The accession of George, notwithstanding, did not involve any immediate change in the existing administration. The Earl of Bute, together with Prince Edward, Duke of York, were admitted into the privy council, but it was given out that his majesty was satisfied, and even charmed, with the existing cabinet, and that he would make no changes, with the exception of a few in the household and in the minor offices. One of the first acts of George III., was a proclamation “for the encouragement of piety and virtue, and for preventing and punishing of vice, profaneness, and immorality.” This was naturally looked upon as a token of his majesty’s virtue and devotion, which view was borne out by his after character; for although the proclamation may be considered in the light of a dead letter as regards actual operation, it was enforced, or recommended, by his example; and example hath a louder tongue either than precept, proclamations, or laws. From the beginning to the close of his long reign, George III. manifested a decent, moral, and religious life, which doubtless had very beneficial effects upon society at large.

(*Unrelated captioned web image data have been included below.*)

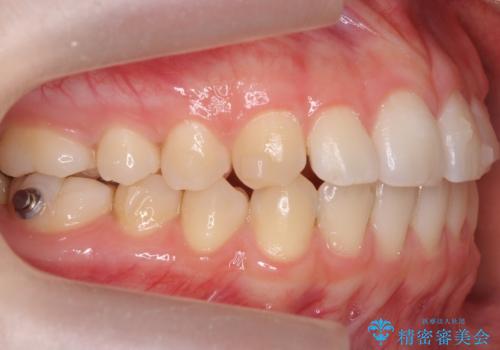 咬んでも前歯が閉じない　矯正治療で見た目を含めて改善の治療中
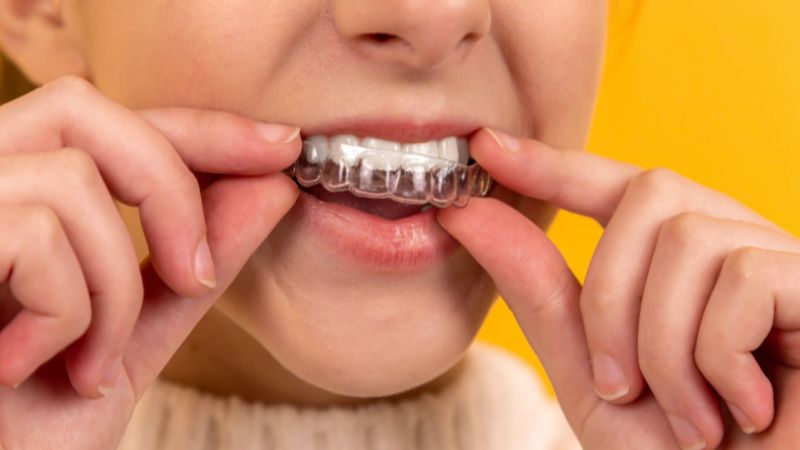 Invisalign Treatment What You Should Know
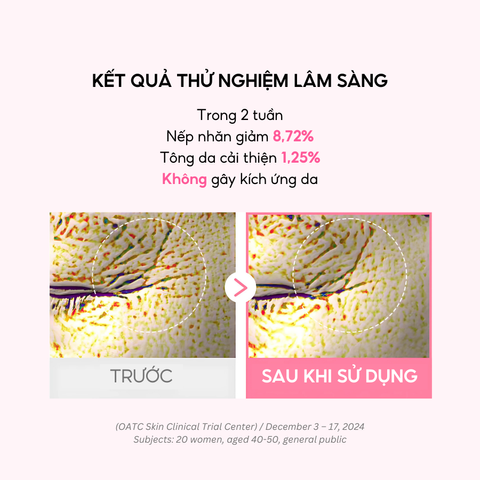 Mặt Nạ Thạch Collagen iMU Deep Jelly Pack 34g - Dưỡng Ẩm, Trắng Da, Phục Hồi, Chậm Lão Hóa - Hộp 4 Miếng Xuất Xứ Hàn Quốc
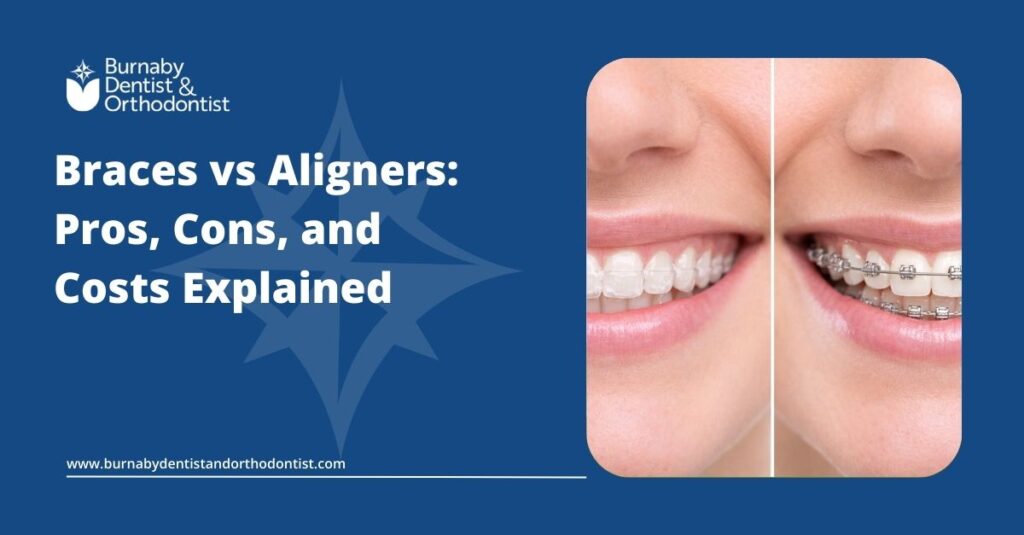 Invisalign clear aligners compared with metal braces for teeth straightening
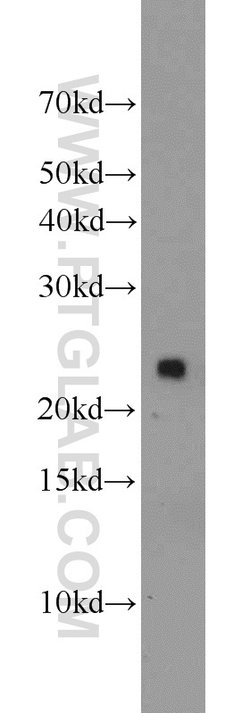 PRDX1 Rabbit anti-Human, Mouse, Rat, Polyclonal, Proteintech 150 &mu;L;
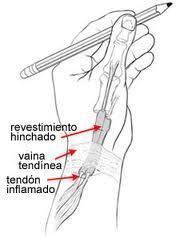 ¿Sufres tendinitis?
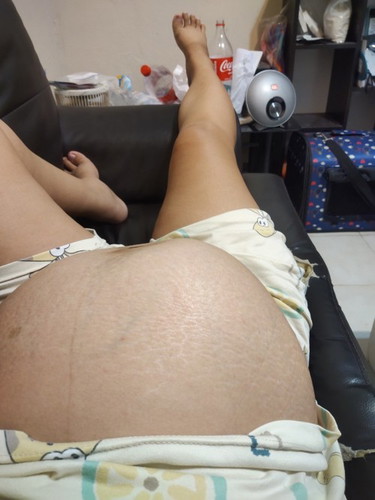 อยากรู้ค่ะว่าแบบคือปกติมั้ย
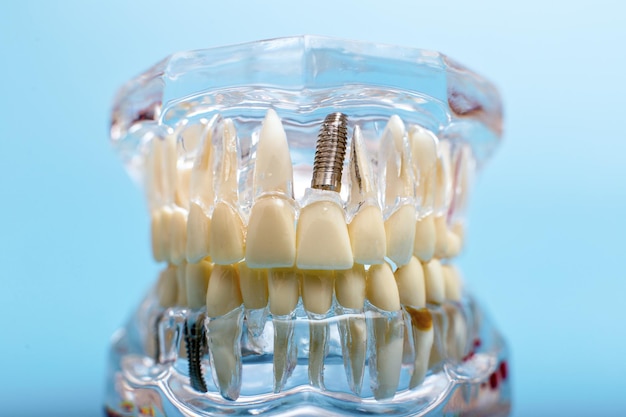 Modelo de mandíbula dental sobre fondo azul Dentista dientes protésicos encías raíces primer plano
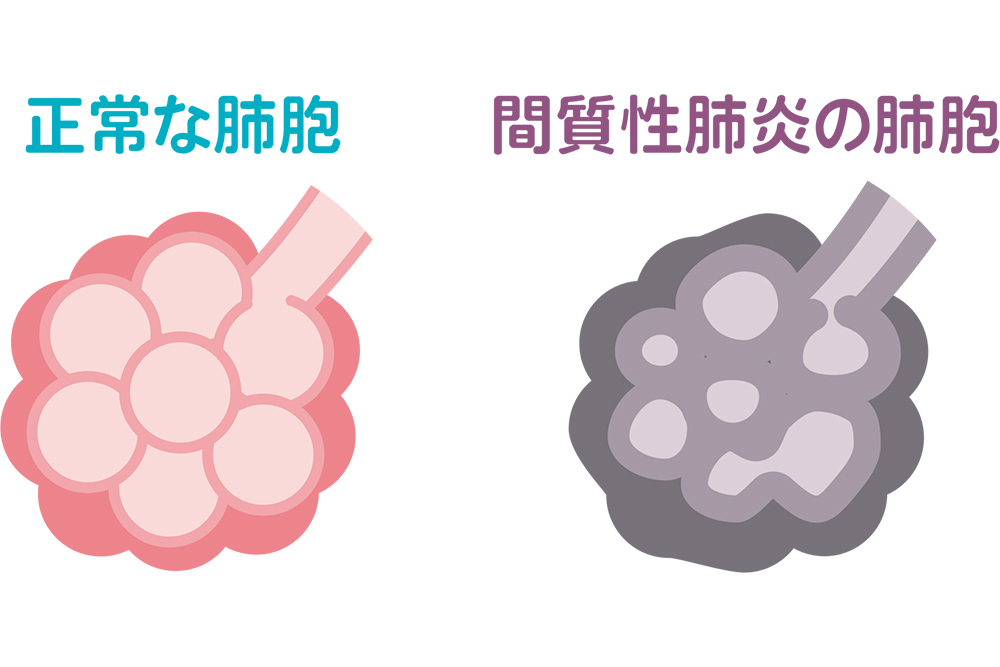間質性肺炎とは?
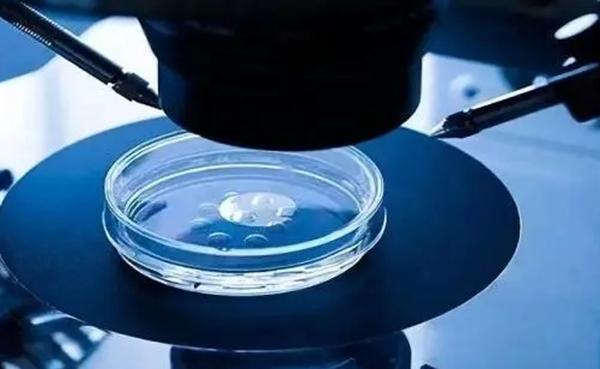 试管遗传检查，让你的下一代远离遗传困扰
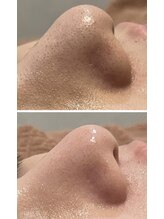 リノ(LINO)/押し出し、吸引なしの毛穴ケア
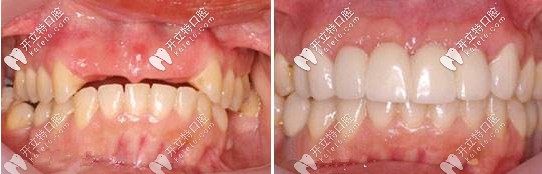 種植牙前后對(duì)比圖
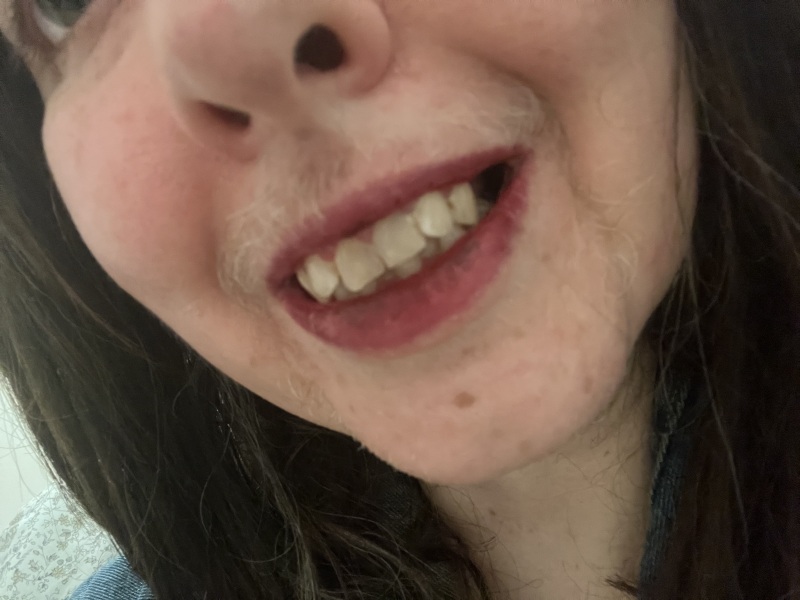 Crown on front tooth causing overbite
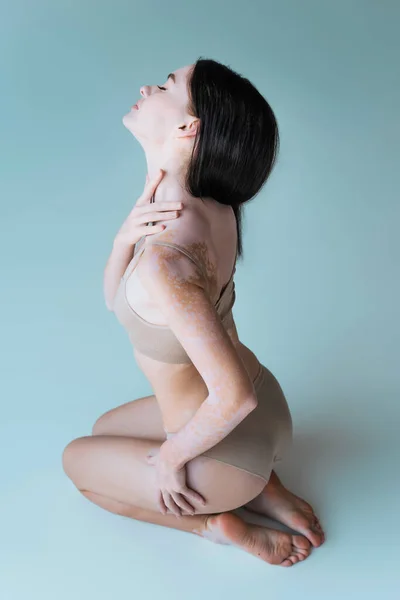 Pieds nus et jeune femme avec vitiligo et les yeux fermés posant en lingerie beige sur gris — Photo de stock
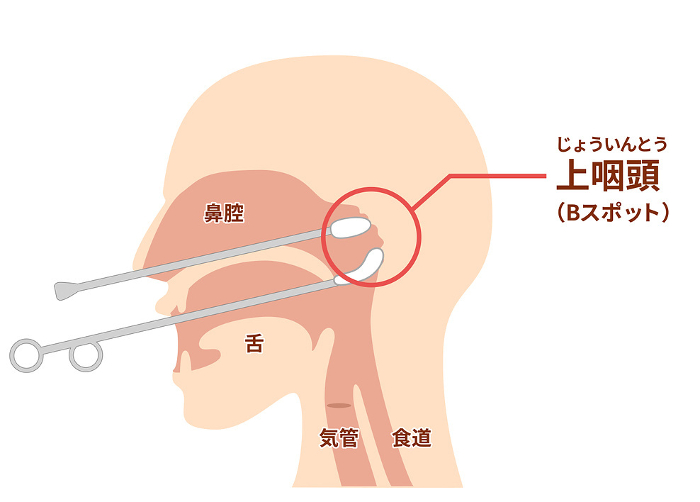 How to perform and illustrate nasopharyngeal abrasion treatment (B-spot treatment)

On the accession of the new king, parliament was prorogued, first to the thirteenth, and afterwards to the eighteenth, of November. In the meantime, public attention was engaged by the equipment of a large squadron of men-of-war and transports at Portsmouth, and speculations were rife as to the policy of the monarch—whether it would be favourable to war or to peace. All classes of society, however, agreed in anticipating the happiest results from his rule, since he had been born and bred among them, and was well acquainted with the language, manners, laws, and institutions of the people over whom he presided. Loyal and dutiful addresses, expressing such sentiments, were presented to the young monarch by the city of London, the two universities, and from various bodies of people, to all which he returned sententious but suitable replies, declaring his fixed resolve to respect their rights and conciliate their esteem. A letter was addressed to him by the venerable Bishop of London, Dr. Sherlock, as a parting benediction, in which he gave him the following wise council:—“You, sir,” he writes, “are the person whom the people ardently desire; which affection of theirs is happily returned by your majesty’s declared concern for their prosperity: and let nothing disturb this mutual consent; let there be but one contest, whether the king loves the people best, or the people him; and may it be a long, a very long, contest; may it never be decided, but let it remain doubtful; and may the paternal affection on the one side, and the filial obedience on the other, he had in perpetual remembrance.”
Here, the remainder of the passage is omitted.